### Directions for this task
Find the "Villa avec sa" line in the records below and repeat it and every later line exactly, up to the last; do not include pictures.

|---|

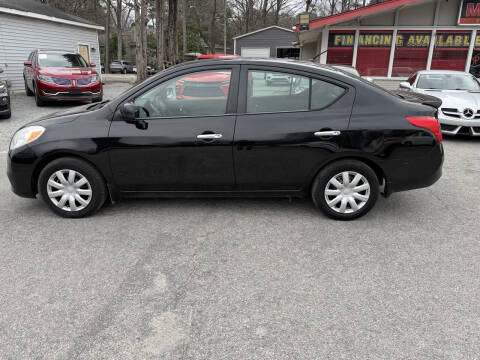 2014 Nissan Versa 1.6 SV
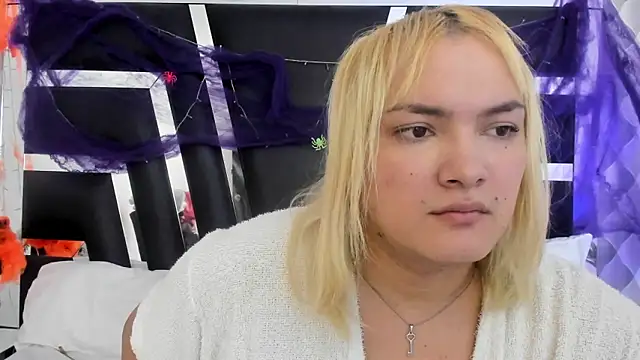 Snapshot of katya_kozlov chatting on November 5, 2025, 3:17 am katya kozlov online show from November 5, 2025, 3:17 am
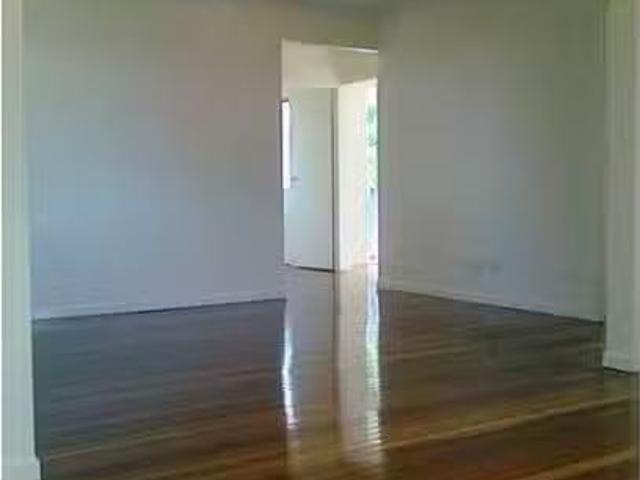 Charming 90 Pegg Road, Rocklea, QLD 4106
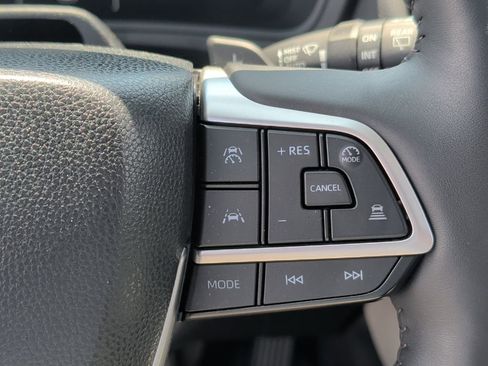 Certified 2025 Toyota Grand Highlander AWD image 25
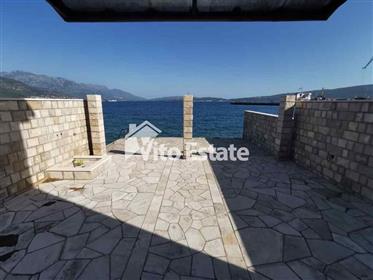 Villa avec sa propre jetée et son propre accès à la mer à Bijela, Herceg Novi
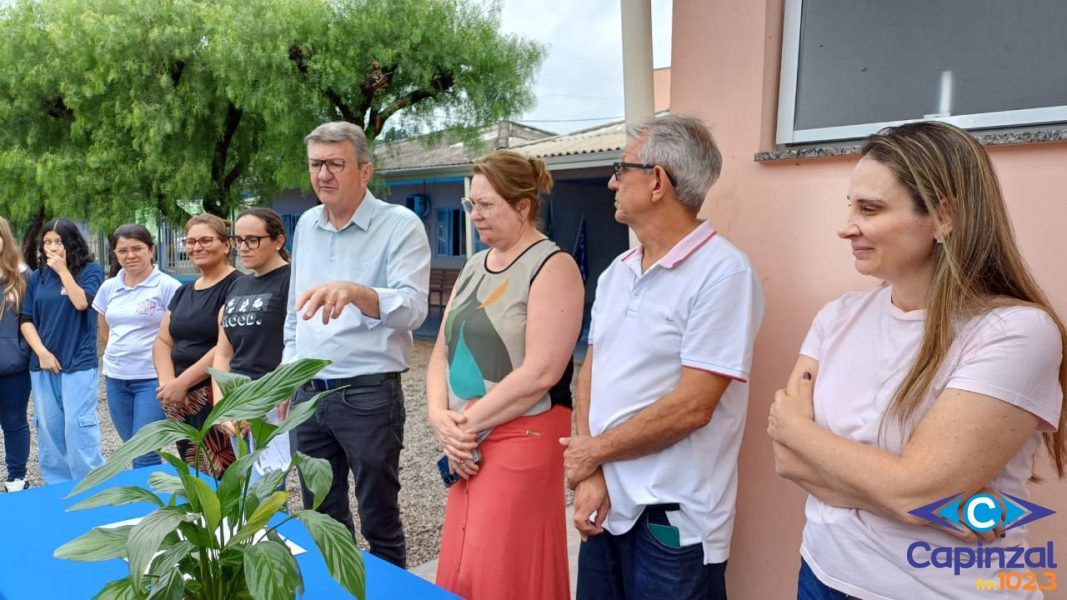 Assinada ordem de serviço para construção de passarela e escadaria coberta na Escola Dr. Vilson Pedro Kleinubing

|---|

### Exercise response
 Villa avec sa propre jetée et son propre accès à la mer à Bijela, Herceg Novi
 Assinada ordem de serviço para construção de passarela e escadaria coberta na Escola Dr. Vilson Pedro Kleinubing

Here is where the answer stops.